I was reading the book, “You Are Your Best Thing” by Tamara Burke & Brené Brown (which I highly recommend, BTW!) when I read a story about how many Black Americans struggle to travel into rural America due to racism experienced in places called sundown towns. I’ve often wondered why I didn’t see more BIPOC folks out and about in this beautiful rural mountain community with all the wonder nature has to offer here. So, I looked it up. WOW, I learned a lot in the process!
I learned that while most white people think these are towns in the Deep South, most of these towns are actually in the North, Midwest and the West. I learned these are places in North America defined as sundown towns, sunset towns, gray towns, or sundowner towns with “all-white municipalities or neighborhoods in the United States that practice a form of racial segregation by excluding non-whites via some combination of discriminatory local laws, intimidation or violence” (7). An article by The Denver Channel in 2021 described these places in detail and published, “What we have to watch for now is what we call second-generation sundown town issues. For example, an overwhelming white police force that still practices DWB policing — driving while black. An overwhelming white teaching staff that doesn’t have much of an interracial curriculum to teach either” (8). Besides knowing these towns by the overwhelming white teaching staff that doesn’t have much of an interracial curriculum to teach, discrinminatory local law practices including intimidation and/or violence, and a police force that practices racial profiling, “A sundown town as explained by James W. Loewen, a former sociology professor at the University of Vermont and author of Sundown Towns: A Hidden Dimension of American Racism, refers to a town, neighborhood, or community with a wholly white population, created intentionally by systematically keeping out ethnic minorities” (9), and “some sundown towns [keep] out Chinese Americans, Jews, Mexican Americans, Native Americans, even Mormons'' (10).
I learned that in addition to the indicators above, whenever one sees “Let’s Go Brandon” and other anti-Biden flags & signs including; “Trump Country", “Make America Great” or blue lives/all lives matter flags & signs, one can be clear they are traveling in sundown territory.
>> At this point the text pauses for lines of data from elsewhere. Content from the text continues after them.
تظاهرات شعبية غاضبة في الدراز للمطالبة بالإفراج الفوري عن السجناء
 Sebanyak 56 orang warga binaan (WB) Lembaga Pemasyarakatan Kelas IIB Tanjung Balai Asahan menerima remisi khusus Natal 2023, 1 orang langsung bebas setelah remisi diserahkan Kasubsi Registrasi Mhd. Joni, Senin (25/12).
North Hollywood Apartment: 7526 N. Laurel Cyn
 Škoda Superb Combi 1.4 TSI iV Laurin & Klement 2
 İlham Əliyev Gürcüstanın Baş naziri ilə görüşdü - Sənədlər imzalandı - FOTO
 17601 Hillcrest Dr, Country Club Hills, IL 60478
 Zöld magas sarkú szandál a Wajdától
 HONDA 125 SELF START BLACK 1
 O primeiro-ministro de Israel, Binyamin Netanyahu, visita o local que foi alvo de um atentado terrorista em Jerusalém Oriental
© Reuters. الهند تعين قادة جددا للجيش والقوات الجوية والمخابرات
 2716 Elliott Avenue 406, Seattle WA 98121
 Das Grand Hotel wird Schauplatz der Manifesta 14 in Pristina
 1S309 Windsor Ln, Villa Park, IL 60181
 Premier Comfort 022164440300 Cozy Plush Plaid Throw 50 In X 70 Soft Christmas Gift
That is when it clicked for me that I was living in one of these places. Last year, all along the highway surrounding my community someone decided to put up rows and rows of American flags. These flags were interspersed with anti-Biden, pro-Trump, make America great, and blue lives/all lives matter signs (See Photos).
Then I found out a local group calling themselves the Chaffee County Patriots (11) were behind this effort (12). These so-called “patriots”, of which a significant percentage of our local law enforcement are members, are clearly sending an aggressive message to all BIPOC folks to steer clear of our community and vieling their racist and white supremacy efforts under the flag of our country and the term patriots, thereby weaponizing our nation’s flag and the term patriots. Dennis Heap, the President of the Chaffee County Patriots makes this intent clear when he posted, “it is time for a grassroots effort, Chaffee County Patriots must Own Chaffee County,” (13). All the while, little old white lady folks like me often sit in blissful ignorance of the racism swamp in the sundown town we are sitting.
This all provides clarity to me around what I am witnessing my husband face in our sundown community for his leadership in promoting and practicing restorative healing centered anti-racist and anti-oppressive policies and practices in the space where education and mental health intersect. This space is a place where our local law enforcement seemingly want to have all power and control, legal or not. The battle between these two different belief systems are being played out as I write.
At least for my part this clarity is helpful, even when it hurts. As Brené Brown says, “Clear is kind”.
It is well researched and accepted that “the origins of modern-day policing can be traced back to the ‘Slave Patrol’"...with one mission: to establish a system of terror and squash slave uprisings with the capacity to pursue, apprehend, and return runaway slaves to their owners. Tactics included the use of excessive force to control and produce desired slave behavior” (14).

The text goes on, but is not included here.